■ **Assigned task**: Without any pictures, the records below should be reproduced exactly.

■ **Records provided**:
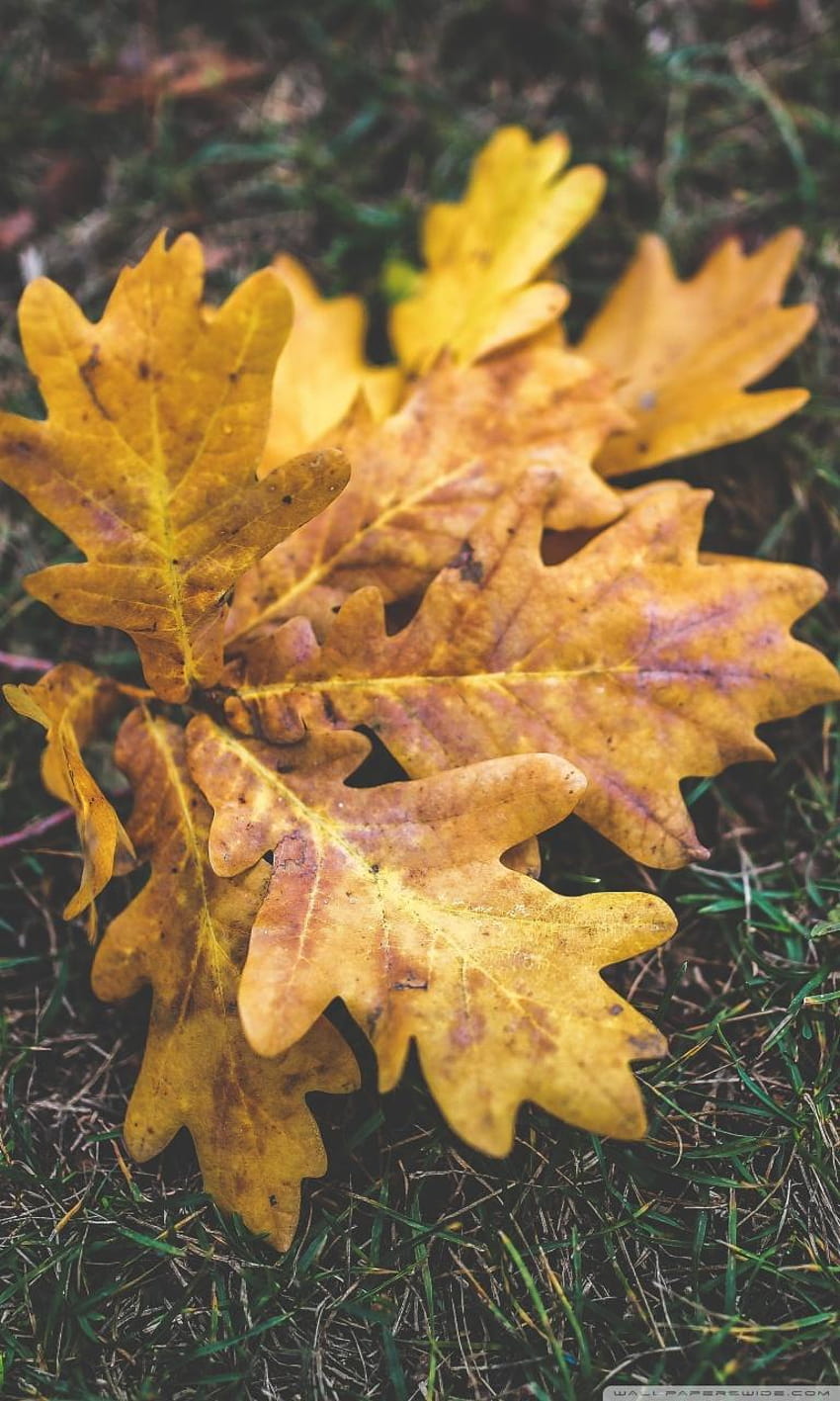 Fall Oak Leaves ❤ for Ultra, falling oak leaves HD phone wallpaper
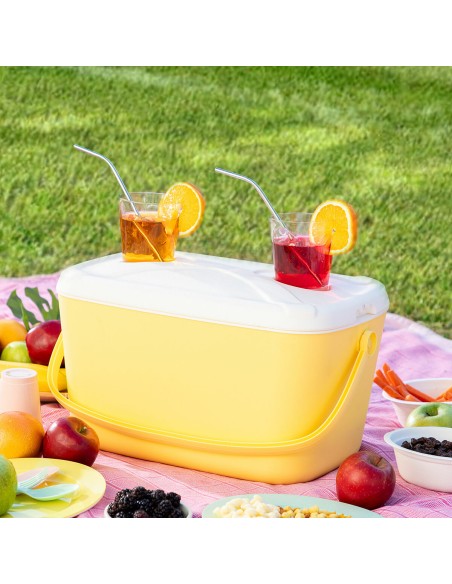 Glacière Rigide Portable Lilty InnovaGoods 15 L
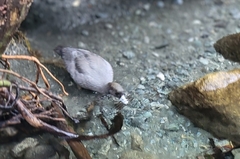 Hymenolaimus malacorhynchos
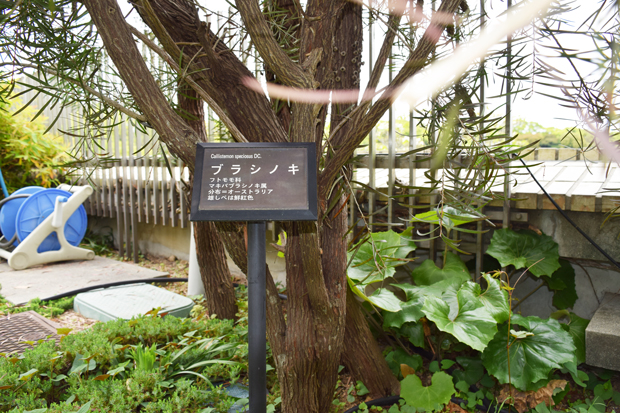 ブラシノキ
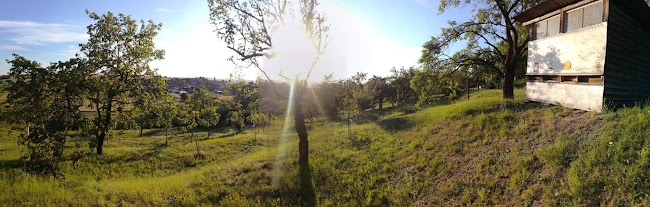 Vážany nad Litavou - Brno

■ **Answer to the exercise**:
 Fall Oak Leaves ❤ for Ultra, falling oak leaves HD phone wallpaper
 Glacière Rigide Portable Lilty InnovaGoods 15 L
 Hymenolaimus malacorhynchos
 ブラシノキ
 Vážany nad Litavou - Brno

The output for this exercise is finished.